Source data –
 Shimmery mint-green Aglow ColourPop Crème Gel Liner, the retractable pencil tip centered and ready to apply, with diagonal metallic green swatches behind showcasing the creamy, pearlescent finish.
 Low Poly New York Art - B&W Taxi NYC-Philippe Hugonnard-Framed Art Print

* * *

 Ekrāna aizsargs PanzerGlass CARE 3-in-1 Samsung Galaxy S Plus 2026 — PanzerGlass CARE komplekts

Activity –
Starting at the line that has "Shimmery mint-green Aglow" in the records above, restate word for word every line until the one that has "Low Poly New", and include that one as well.

Written response –
 Shimmery mint-green Aglow ColourPop Crème Gel Liner, the retractable pencil tip centered and ready to apply, with diagonal metallic green swatches behind showcasing the creamy, pearlescent finish.
 Low Poly New York Art - B&W Taxi NYC-Philippe Hugonnard-Framed Art Print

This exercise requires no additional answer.